• **Work required**:
Copying rule for the data below: pictures stay out, and only the lines from the one with "Inscription Hello Autumn" down to the one with "Getty Images Children next to Christmas tree", inclusive, are repeated exactly.

• **Supplied entries**:
· · ·

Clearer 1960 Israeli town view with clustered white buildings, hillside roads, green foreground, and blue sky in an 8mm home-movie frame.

· · ·

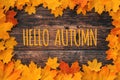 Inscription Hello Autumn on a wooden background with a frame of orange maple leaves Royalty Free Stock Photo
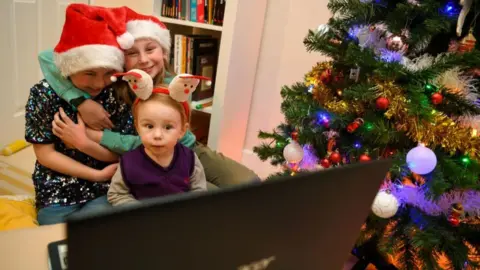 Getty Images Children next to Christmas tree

· · ·

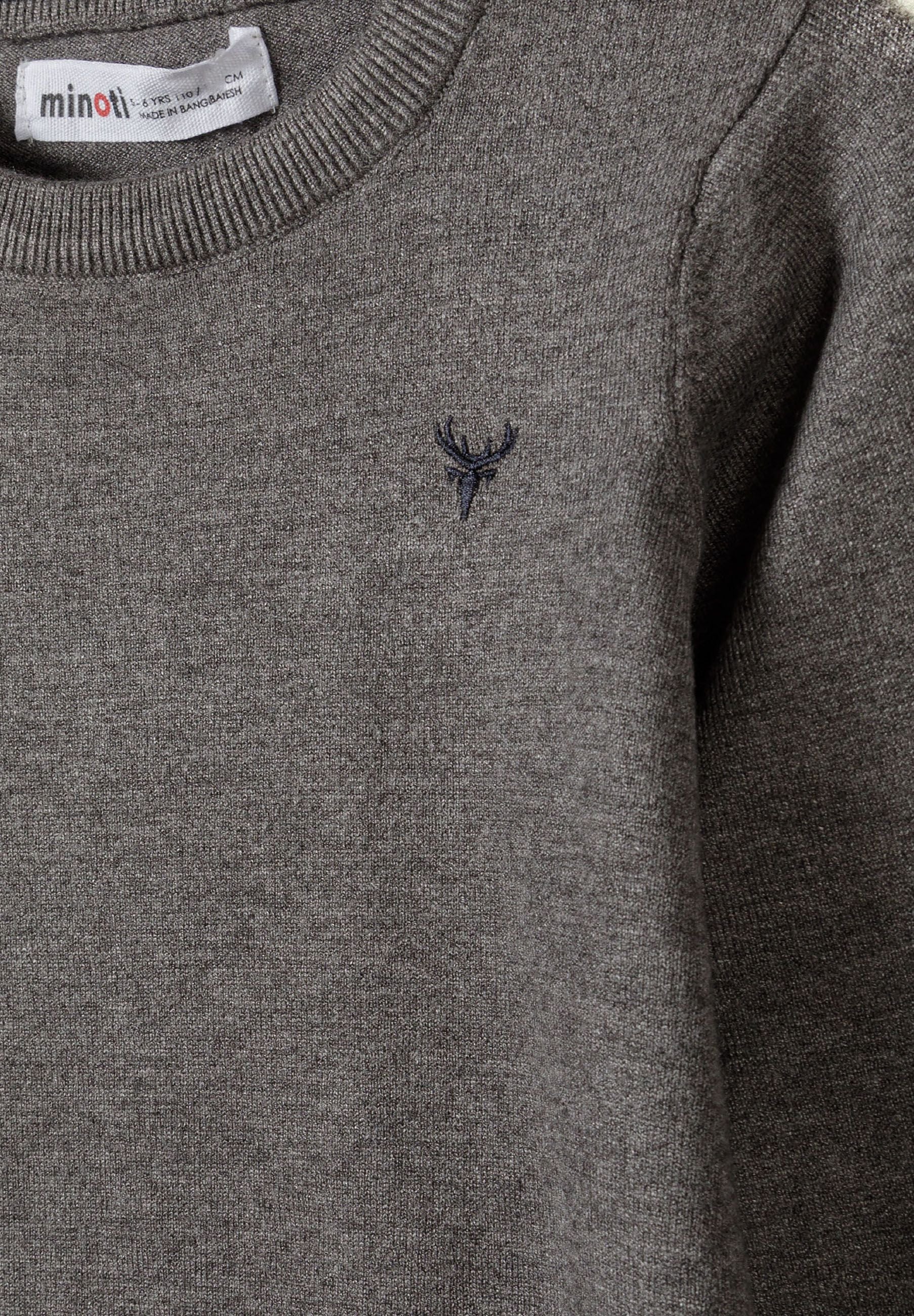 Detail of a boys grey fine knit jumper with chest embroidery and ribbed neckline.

· · ·

• **Finished exercise**:
 Inscription Hello Autumn on a wooden background with a frame of orange maple leaves Royalty Free Stock Photo
 Getty Images Children next to Christmas tree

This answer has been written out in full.